Figure 3. Phases included in Life Cycle Impact Assessment – the stepwise aggregation of information in LCA. The inventory list is usually considerably more extensive, and more characterisation/impact categories are normally included in the EEA.
In a further weighting process the impact category results are aggregated into a single indication or statement of the total strain put on the environment. In the ISO standards the weighting is an optional step of the LCA and no specific weighting methodology is recommended. However, weighting is often a necessary step to simplify communication and decision making and is therefore widely used within industry. When performing an EEA the need for weighting is high, since otherwise each of the various environmental impacts would have to be compared with the cost side individually. Weighting facilitates effective communication and interpretation of the results and provides a better overview of a complex system.
Integrated Assessment and Evaluation
Eco-efficiency may also include a weighting of the environmental impact and costs resulting in the eco-efficiency performance of the alternatives.
This Eco-efficiency weighting can be done in different ways:
Eco-Efficiency ratio (E/E)
Commonly calculated as: Product or service value/ Environmental influence = Eco-Efficiency ((Brattebø 2005)Ch.12 p 23).
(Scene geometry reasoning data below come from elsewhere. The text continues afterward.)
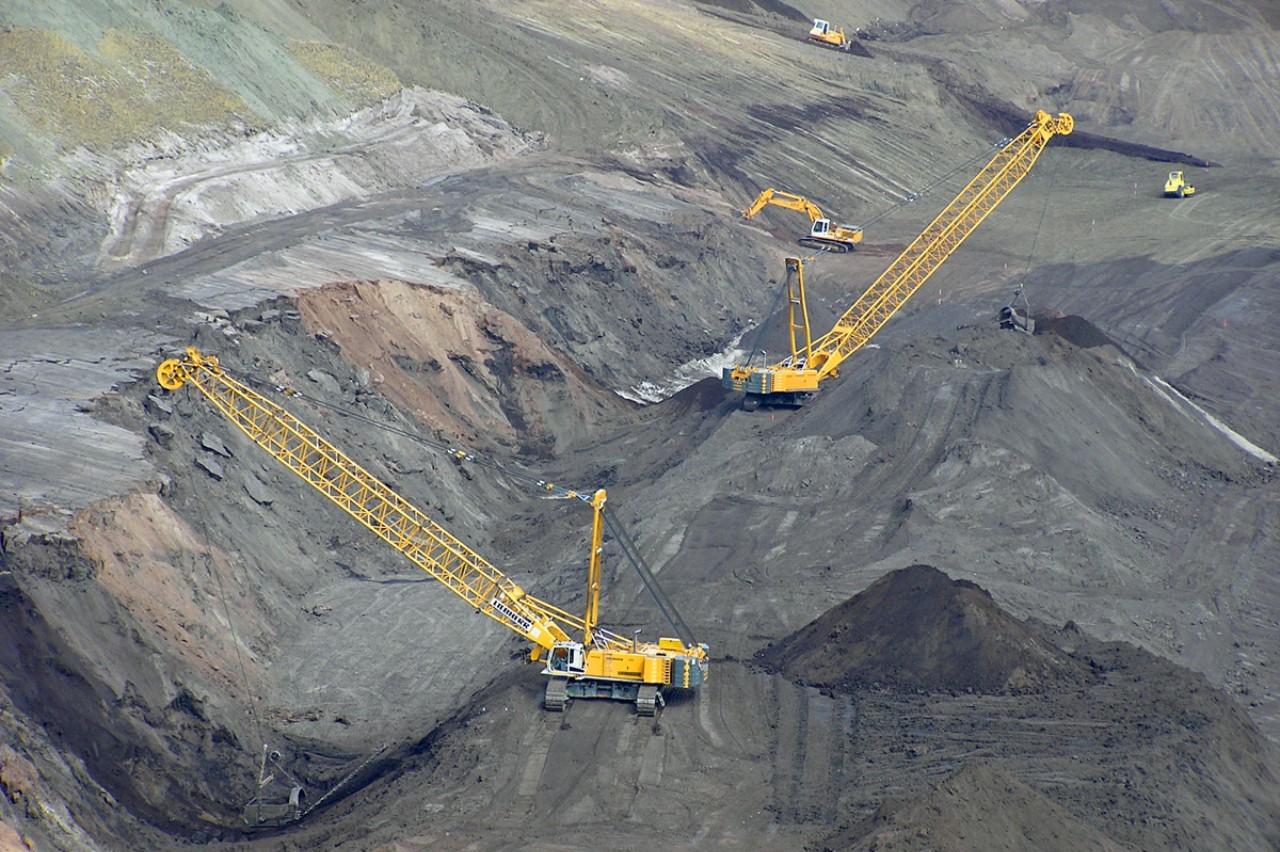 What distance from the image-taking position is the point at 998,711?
29.3 m

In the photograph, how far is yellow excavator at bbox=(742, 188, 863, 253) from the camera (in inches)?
2726

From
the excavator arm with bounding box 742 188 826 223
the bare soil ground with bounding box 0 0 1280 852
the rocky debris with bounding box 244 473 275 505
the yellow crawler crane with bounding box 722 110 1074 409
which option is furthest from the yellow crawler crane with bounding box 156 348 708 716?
the excavator arm with bounding box 742 188 826 223

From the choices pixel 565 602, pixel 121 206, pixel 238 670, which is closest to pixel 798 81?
pixel 121 206

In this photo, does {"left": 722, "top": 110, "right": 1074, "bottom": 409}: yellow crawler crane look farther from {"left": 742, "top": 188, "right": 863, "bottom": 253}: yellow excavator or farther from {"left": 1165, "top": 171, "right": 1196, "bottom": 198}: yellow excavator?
{"left": 1165, "top": 171, "right": 1196, "bottom": 198}: yellow excavator

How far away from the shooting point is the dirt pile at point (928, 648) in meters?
30.3

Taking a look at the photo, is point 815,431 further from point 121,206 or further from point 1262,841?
point 121,206

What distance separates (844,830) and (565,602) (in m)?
13.2

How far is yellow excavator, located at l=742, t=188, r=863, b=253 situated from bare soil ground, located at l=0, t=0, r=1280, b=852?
0.86 m

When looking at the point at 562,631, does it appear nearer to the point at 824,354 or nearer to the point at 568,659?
the point at 568,659

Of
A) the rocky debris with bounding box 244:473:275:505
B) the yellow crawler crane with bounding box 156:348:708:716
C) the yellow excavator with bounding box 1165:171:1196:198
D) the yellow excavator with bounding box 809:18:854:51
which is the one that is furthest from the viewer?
the yellow excavator with bounding box 809:18:854:51

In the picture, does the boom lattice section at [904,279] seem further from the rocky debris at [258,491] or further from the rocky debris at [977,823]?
the rocky debris at [977,823]

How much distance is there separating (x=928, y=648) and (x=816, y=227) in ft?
134

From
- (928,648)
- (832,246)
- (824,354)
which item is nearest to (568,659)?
(928,648)

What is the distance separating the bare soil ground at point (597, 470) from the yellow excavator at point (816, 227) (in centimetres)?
86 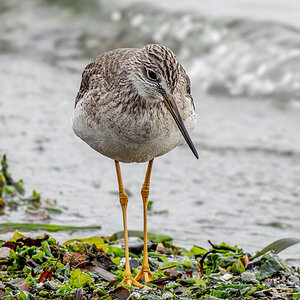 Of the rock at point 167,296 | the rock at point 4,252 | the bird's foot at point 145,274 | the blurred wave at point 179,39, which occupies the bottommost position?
the rock at point 167,296

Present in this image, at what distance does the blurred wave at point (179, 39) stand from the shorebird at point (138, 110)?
836 centimetres

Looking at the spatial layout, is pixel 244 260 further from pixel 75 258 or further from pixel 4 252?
pixel 4 252

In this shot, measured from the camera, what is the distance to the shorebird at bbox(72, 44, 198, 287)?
18.4ft

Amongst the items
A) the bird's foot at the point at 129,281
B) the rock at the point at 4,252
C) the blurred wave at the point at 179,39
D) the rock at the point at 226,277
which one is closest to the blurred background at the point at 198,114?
the blurred wave at the point at 179,39

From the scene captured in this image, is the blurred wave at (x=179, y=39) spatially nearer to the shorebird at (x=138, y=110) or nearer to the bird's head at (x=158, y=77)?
the shorebird at (x=138, y=110)

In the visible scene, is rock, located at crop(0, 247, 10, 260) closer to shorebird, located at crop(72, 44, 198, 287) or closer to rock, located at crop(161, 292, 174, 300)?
shorebird, located at crop(72, 44, 198, 287)

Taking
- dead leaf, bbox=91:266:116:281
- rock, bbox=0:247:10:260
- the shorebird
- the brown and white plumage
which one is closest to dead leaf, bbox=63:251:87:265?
dead leaf, bbox=91:266:116:281

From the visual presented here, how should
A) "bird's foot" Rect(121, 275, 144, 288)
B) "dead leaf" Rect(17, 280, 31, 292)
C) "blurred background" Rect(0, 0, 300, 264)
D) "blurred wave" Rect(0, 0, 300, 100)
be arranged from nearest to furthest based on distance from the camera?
"dead leaf" Rect(17, 280, 31, 292) < "bird's foot" Rect(121, 275, 144, 288) < "blurred background" Rect(0, 0, 300, 264) < "blurred wave" Rect(0, 0, 300, 100)

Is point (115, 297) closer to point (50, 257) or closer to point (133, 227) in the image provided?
point (50, 257)

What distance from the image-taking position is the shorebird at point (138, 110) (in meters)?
5.62

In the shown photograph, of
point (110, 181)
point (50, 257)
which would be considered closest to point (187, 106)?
point (50, 257)

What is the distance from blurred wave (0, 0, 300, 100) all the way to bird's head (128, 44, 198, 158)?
8.50 meters

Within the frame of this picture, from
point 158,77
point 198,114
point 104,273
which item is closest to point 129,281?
point 104,273

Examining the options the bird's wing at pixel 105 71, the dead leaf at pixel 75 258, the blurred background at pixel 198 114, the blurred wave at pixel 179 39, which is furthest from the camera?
the blurred wave at pixel 179 39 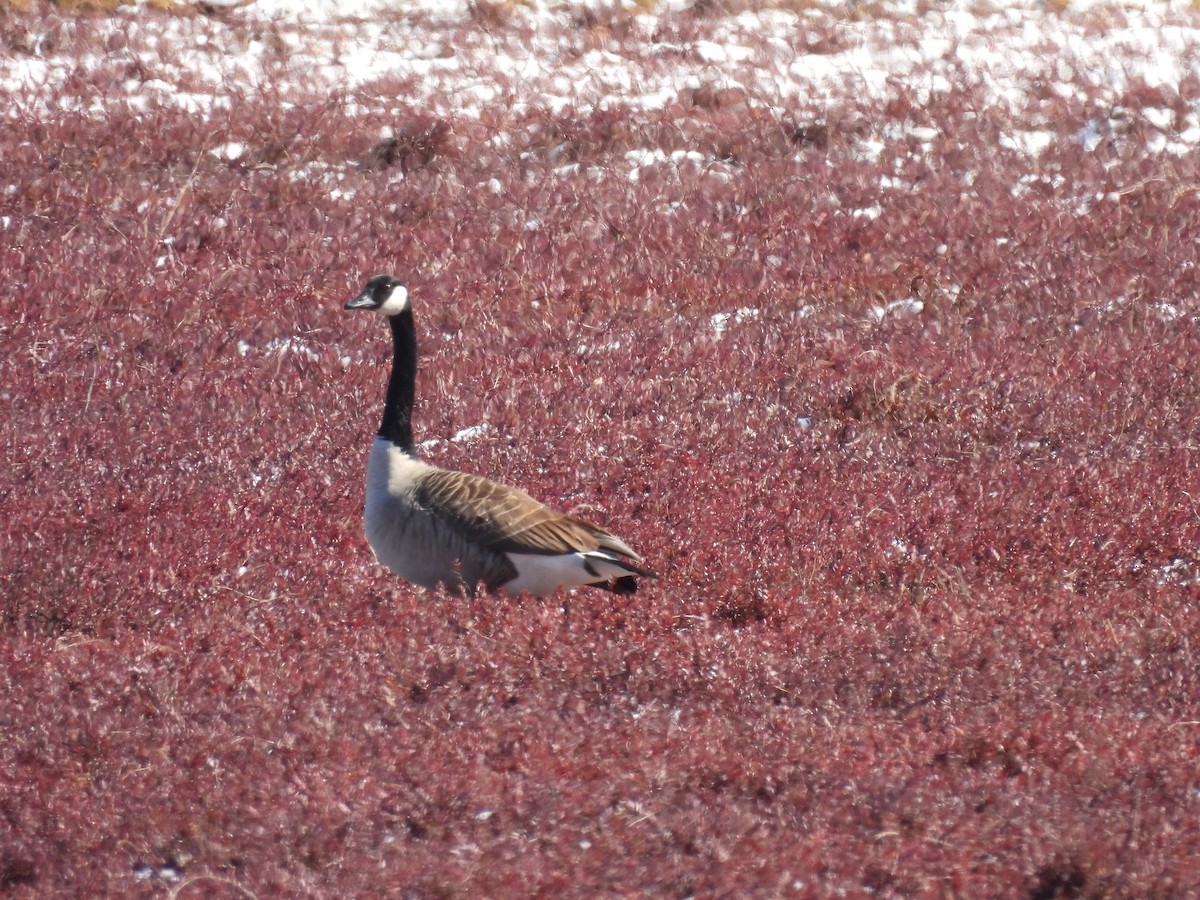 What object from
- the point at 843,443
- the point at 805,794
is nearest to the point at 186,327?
the point at 843,443

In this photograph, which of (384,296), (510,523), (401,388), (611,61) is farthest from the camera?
(611,61)

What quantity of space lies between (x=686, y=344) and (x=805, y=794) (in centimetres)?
606

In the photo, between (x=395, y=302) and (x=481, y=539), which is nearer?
(x=481, y=539)

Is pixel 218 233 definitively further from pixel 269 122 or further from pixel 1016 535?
pixel 1016 535

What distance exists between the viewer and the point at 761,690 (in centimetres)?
550

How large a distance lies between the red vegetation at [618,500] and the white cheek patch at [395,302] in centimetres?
112

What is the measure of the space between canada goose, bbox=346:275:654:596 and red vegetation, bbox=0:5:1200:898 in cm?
19

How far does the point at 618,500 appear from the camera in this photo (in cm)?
765

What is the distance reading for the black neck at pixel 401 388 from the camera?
6.85 metres

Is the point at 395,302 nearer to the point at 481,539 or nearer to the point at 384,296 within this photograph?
the point at 384,296

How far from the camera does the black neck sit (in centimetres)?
685

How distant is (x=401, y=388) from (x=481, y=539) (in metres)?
1.06

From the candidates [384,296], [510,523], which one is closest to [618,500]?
[510,523]

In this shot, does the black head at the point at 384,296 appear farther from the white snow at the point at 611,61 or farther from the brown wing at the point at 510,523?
the white snow at the point at 611,61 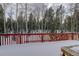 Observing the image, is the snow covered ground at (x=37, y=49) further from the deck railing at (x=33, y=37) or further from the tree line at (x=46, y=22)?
the tree line at (x=46, y=22)

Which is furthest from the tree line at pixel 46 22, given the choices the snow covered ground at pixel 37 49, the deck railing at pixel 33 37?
the snow covered ground at pixel 37 49

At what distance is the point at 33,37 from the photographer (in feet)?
11.4

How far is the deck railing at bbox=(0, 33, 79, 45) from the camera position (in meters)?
3.46

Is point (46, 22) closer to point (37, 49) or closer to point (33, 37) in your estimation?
point (33, 37)

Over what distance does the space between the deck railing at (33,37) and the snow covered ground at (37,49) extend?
53 millimetres

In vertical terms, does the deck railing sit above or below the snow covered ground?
above

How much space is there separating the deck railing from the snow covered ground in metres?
0.05

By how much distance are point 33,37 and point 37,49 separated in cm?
17

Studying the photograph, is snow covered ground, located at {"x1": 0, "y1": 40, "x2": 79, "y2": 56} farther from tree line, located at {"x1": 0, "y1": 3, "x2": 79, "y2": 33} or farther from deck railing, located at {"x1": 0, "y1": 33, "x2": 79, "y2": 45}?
tree line, located at {"x1": 0, "y1": 3, "x2": 79, "y2": 33}

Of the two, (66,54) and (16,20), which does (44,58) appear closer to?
Answer: (66,54)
We can see in the table below that option A, which is better for the environment (influence is lower), is less Eco-Efficient because the value created is only 1. Option B is more efficient because the value created per unit of environmental impact is higher. The main principle behind this efficiency is that we should create the most value out of the impact we are making on the environment.
| Option | Product or service value | Environmental influence | E/E score |
| A | 1 | 2 | 0,5 |
| B | 3 | 4 | 0,75 |
Table 1. Example Eco-Efficiency E/E calculations
Eco-Efficiency sum (E+E)
It is calculated like this: Give a weight to the environment and the value. In this case we value them equally thus: 1 & 1. Then it would look like this:
| Option | Product or service value | Environmental influence | Total sum (E+E) |
| A | 1 | 2 | -1 (-2*1 + 1*1) |
| B | 3 | 4 | -1 (3*1 -4*1) |
Table 2. Example Eco-Efficiency E + E calculations
Now the eco-efficiency of the alternatives are equal. We still have the same construct, but expressed in a different way: we mean that economy and environment are equally important and for every unit of value we accept one unit of environmental influence. Thus making both alternatives equally bad since they have one more unit of environmental influence then is compensated by the unit of value.
4.6 Interpretation
The purpose of the interpretation phase is to analyze the results of the study, evaluate and explain its limitations and generate conclusions and recommendations. The robustness of the results can be assessed with a sensitivity analysis of the effects that chosen methods and data have on the result of the study.